Setting PreferSynchronousCompletion to false allows SocketAsyncEngine to not try a synchronous attempt and go async immediately. An implementation could set this to true for sends, and false for receives. Or for receives it could be changed based on whether the last receive filled up the buffer completely. Going async immediately saves an attempt syscall and allows batching.

The defaults match the current behavior.

io_uring is also an interesting option to explore. I'm not looking into that atm because the features we need are in 5.5 kernel which was released only a couple of days ago.

I'm going to do a poc in a separate repo for benchmarking. Anyone interested is free to review PRs, or fork and do some experimentation. When I have a working implementation, I'll need some help with benchmarking and see what is the change in perf.

cc @stephentoub @geoffkizer @davidfowl @halter73 @adamsitnik @benaadams @VSadov @damageboy @lpereira @dotnet/ncl

stephentoub commented 4 years ago

Thanks, Tom.

because the features we need are in 5.5 kernel which was released only a couple of days ago

Realistically, what does that mean in terms of when a) a typical developer/app would have the features available, and b) a motivated developer/app would have the features available? If io_uring made a substantial difference, seems like something we could do proactively and then have folks that really wanted the boost patch their configurations?

lpereira commented 4 years ago

@tmds Have you seen the https://github.com/tkp1n/IoUring project? It's a transport similar to k-l-t, but using io_uring. It's being actively developed by a single person, but it's worth running a round of benchmarks with it in the Citrine machine just to have a feel of how much io_uring would make things better. I'll talk with @sebastienros today to arrange this.

lpereira commented 4 years ago

Thanks, Tom.

because the features we need are in 5.5 kernel which was released only a couple of days ago

Realistically, what does that mean in terms of when a) a typical developer/app would have the features available, and b) a motivated developer/app would have the features available? If io_uring made a substantial difference, seems like something we could do proactively and then have folks that really wanted the boost patch their configurations?
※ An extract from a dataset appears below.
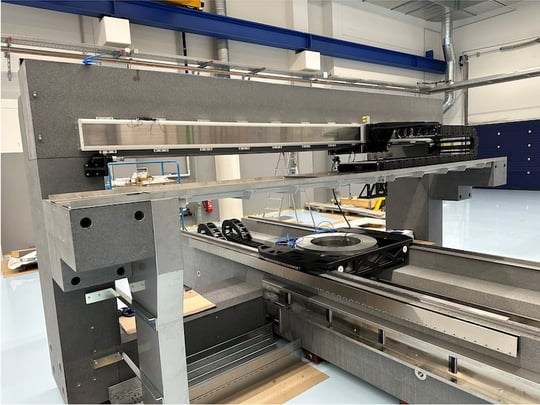 Detailed view of a motion system with mounted rotation axis on granite platform - visible linear drives and cable routing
I'm very positive it'll make a substantial difference. And, you're right, using io_uring will require some changes that users will need to know before they can enjoy the difference. Mainly, a new-ish kernel (5.5+, potentially 5.6+ when it releases), and some changes in the security limits (mainly the amount of pages a user process can lock).

We can also substitute (well, add and detect if it's available at runtime) the usage of epoll in pal_networking.c and use io_uring as an epoll substitute. This should significantly reduce the syscall chatter there. (Other uses of poll(), like synchmgr and pal_io could move to io_uring, too. We might consider having a single ring for all these file descriptors that are watched and have these implementations use that instead of calling poll()/epoll() directly, too, hiding all of these platform-specific stuff in a single place. (With time, other things could be changed to use io_uring: there are plenty of other operations that it can perform, including accepting sockets, connecting to a remote host, opening files, all asynchronously.)

wfurt commented 4 years ago

cc: @scalablecory as he was experimenting with io_uring as well.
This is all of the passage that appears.